§ **Exercise materials**
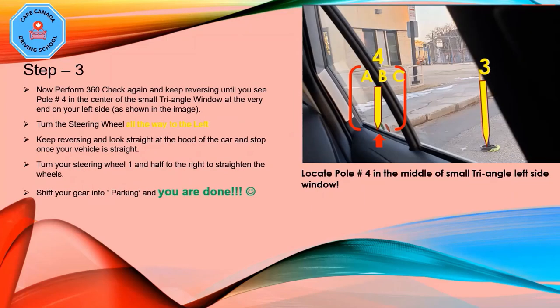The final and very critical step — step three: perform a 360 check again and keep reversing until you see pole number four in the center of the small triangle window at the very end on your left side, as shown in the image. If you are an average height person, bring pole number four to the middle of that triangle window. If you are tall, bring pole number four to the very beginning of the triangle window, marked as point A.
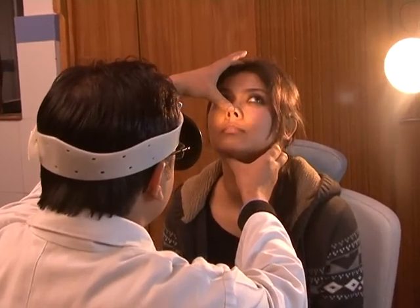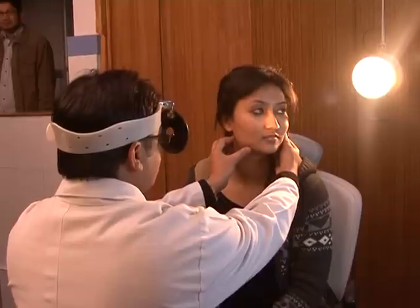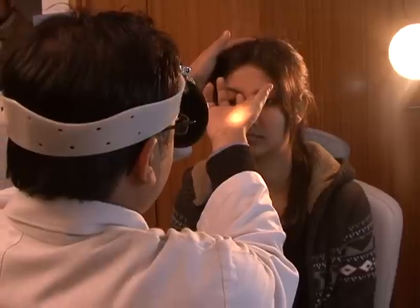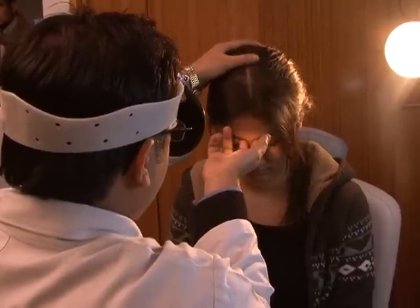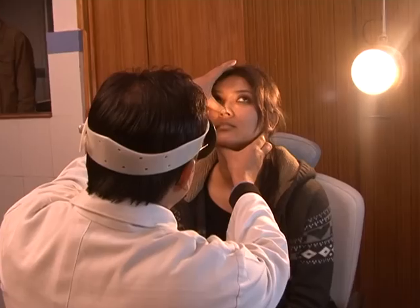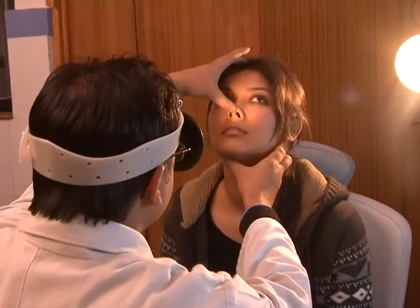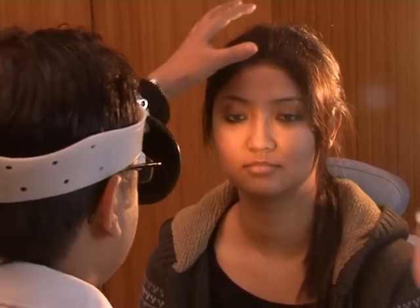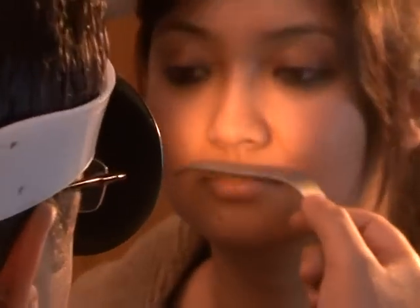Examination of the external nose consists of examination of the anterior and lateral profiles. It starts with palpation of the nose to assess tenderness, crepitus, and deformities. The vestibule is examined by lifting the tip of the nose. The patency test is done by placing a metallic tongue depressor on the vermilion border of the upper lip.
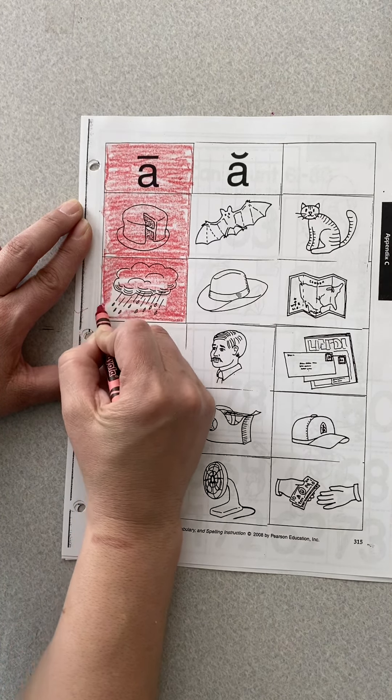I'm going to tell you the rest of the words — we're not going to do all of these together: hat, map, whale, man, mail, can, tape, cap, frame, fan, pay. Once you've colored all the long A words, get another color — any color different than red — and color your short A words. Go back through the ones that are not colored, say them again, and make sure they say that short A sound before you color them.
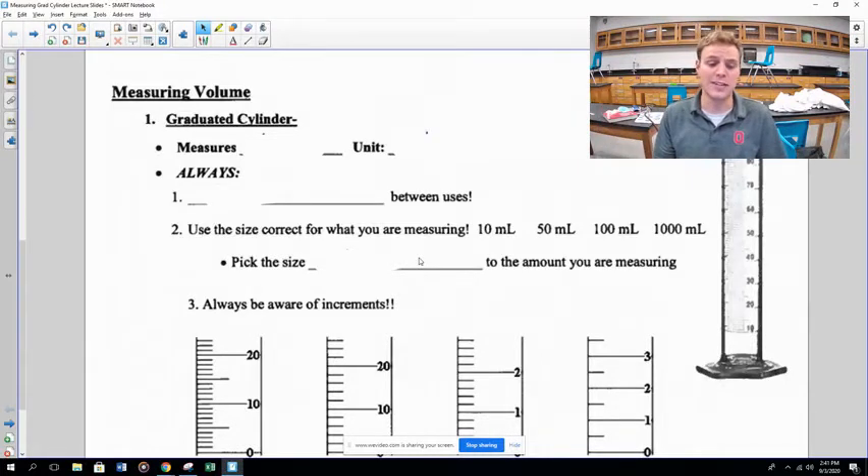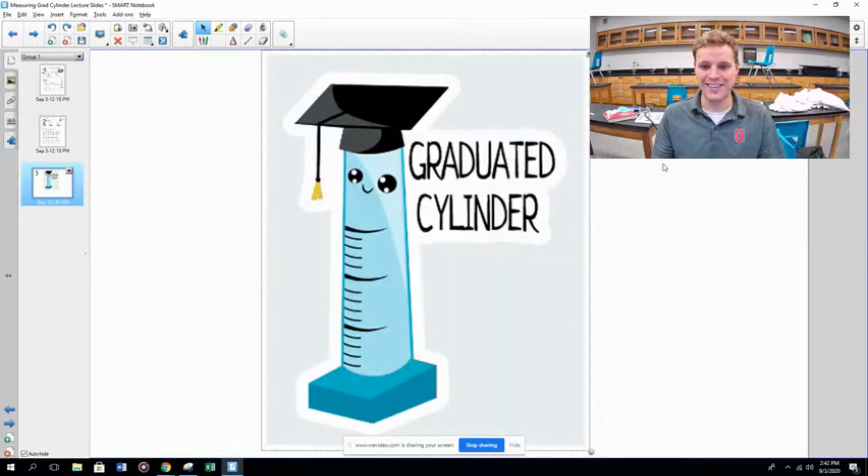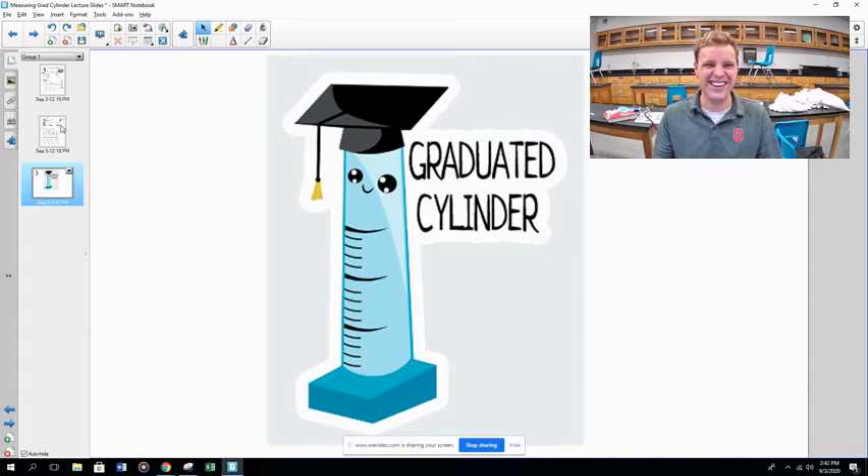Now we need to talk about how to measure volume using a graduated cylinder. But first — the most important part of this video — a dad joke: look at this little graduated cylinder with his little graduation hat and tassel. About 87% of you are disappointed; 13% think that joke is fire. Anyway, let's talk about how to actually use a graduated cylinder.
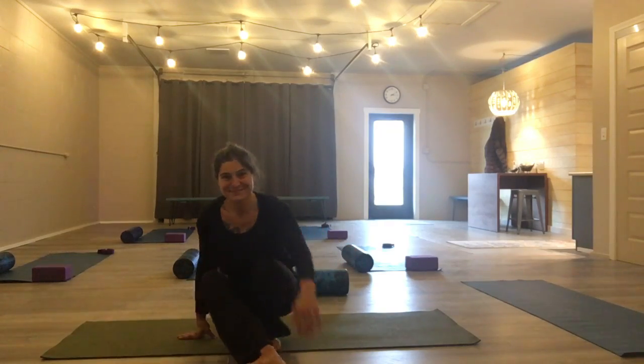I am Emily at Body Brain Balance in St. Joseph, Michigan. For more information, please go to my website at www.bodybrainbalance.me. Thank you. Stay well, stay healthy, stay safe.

§ **What to produce**
Beginning at the first line of the listing, print each line exactly until and including the one that has "Now we need"; skip pictures.

§ **Result of the task**
The final and very critical step — step three: perform a 360 check again and keep reversing until you see pole number four in the center of the small triangle window at the very end on your left side, as shown in the image. If you are an average height person, bring pole number four to the middle of that triangle window. If you are tall, bring pole number four to the very beginning of the triangle window, marked as point A.
Examination of the external nose consists of examination of the anterior and lateral profiles. It starts with palpation of the nose to assess tenderness, crepitus, and deformities. The vestibule is examined by lifting the tip of the nose. The patency test is done by placing a metallic tongue depressor on the vermilion border of the upper lip.
I'm going to tell you the rest of the words — we're not going to do all of these together: hat, map, whale, man, mail, can, tape, cap, frame, fan, pay. Once you've colored all the long A words, get another color — any color different than red — and color your short A words. Go back through the ones that are not colored, say them again, and make sure they say that short A sound before you color them.
Now we need to talk about how to measure volume using a graduated cylinder. But first — the most important part of this video — a dad joke: look at this little graduated cylinder with his little graduation hat and tassel. About 87% of you are disappointed; 13% think that joke is fire. Anyway, let's talk about how to actually use a graduated cylinder.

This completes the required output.